GOAL OF THE EXERCISE: Output the listing exactly as written, apart from its pictures.

STORED DATA:
■ ■ ■ ■

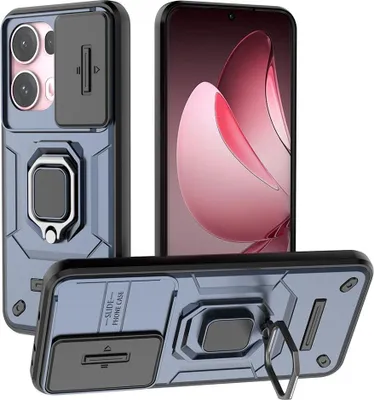 Produktbild von OPPO Reno13 Pro 5G Hülle - Coverup Ring Ständer Back Cover mit Kamera Schutz - Blau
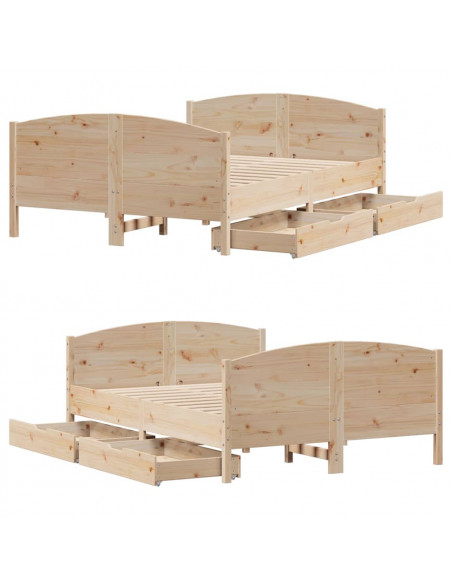 Letto senza Materasso 140x200 cm in Legno Massello di Pino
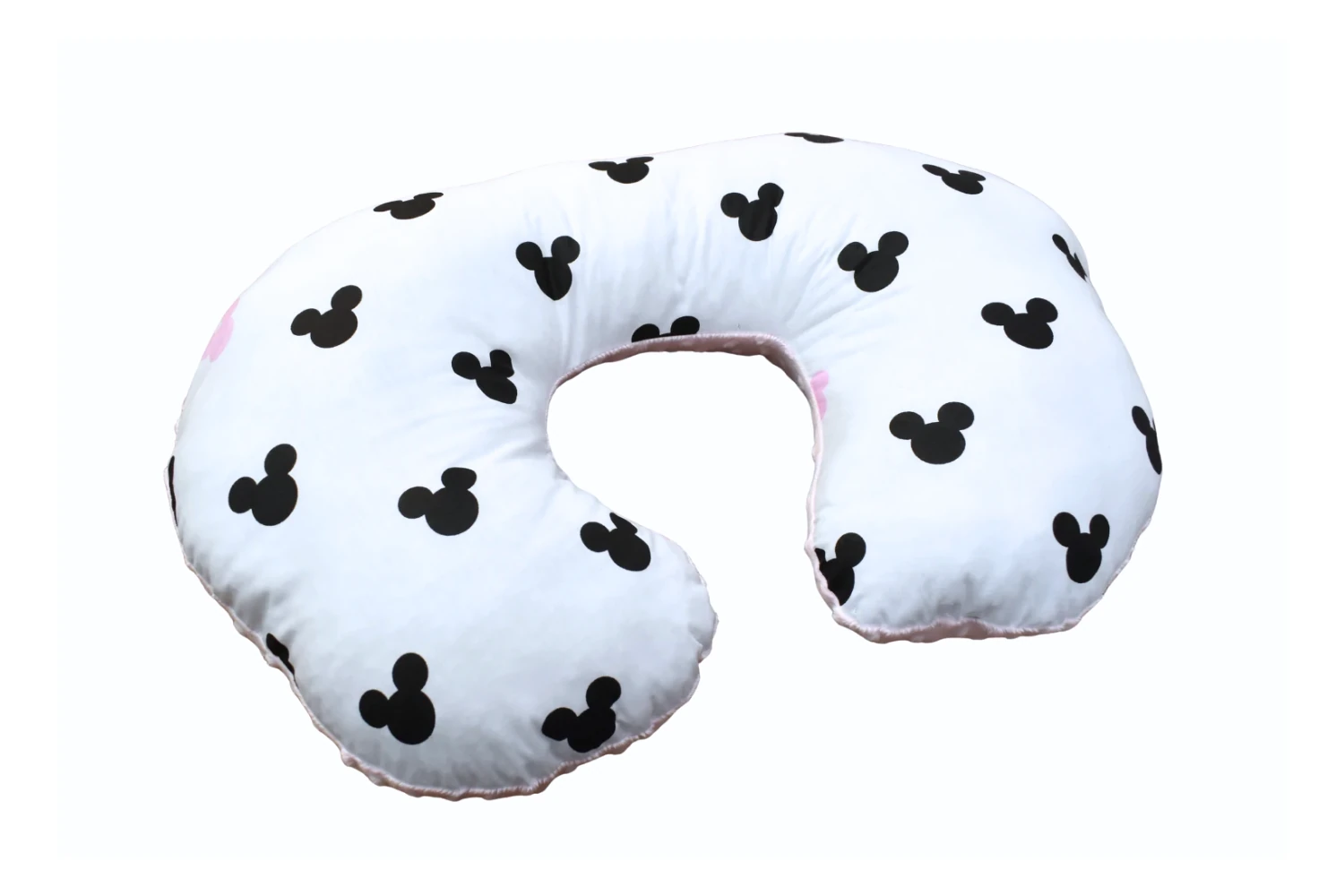 Rogal, poduszka do karmienia miki male główki różowy z różowym minky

■ ■ ■ ■

WRITTEN REPLY:
 Produktbild von OPPO Reno13 Pro 5G Hülle - Coverup Ring Ständer Back Cover mit Kamera Schutz - Blau
 Letto senza Materasso 140x200 cm in Legno Massello di Pino
 Rogal, poduszka do karmienia miki male główki różowy z różowym minky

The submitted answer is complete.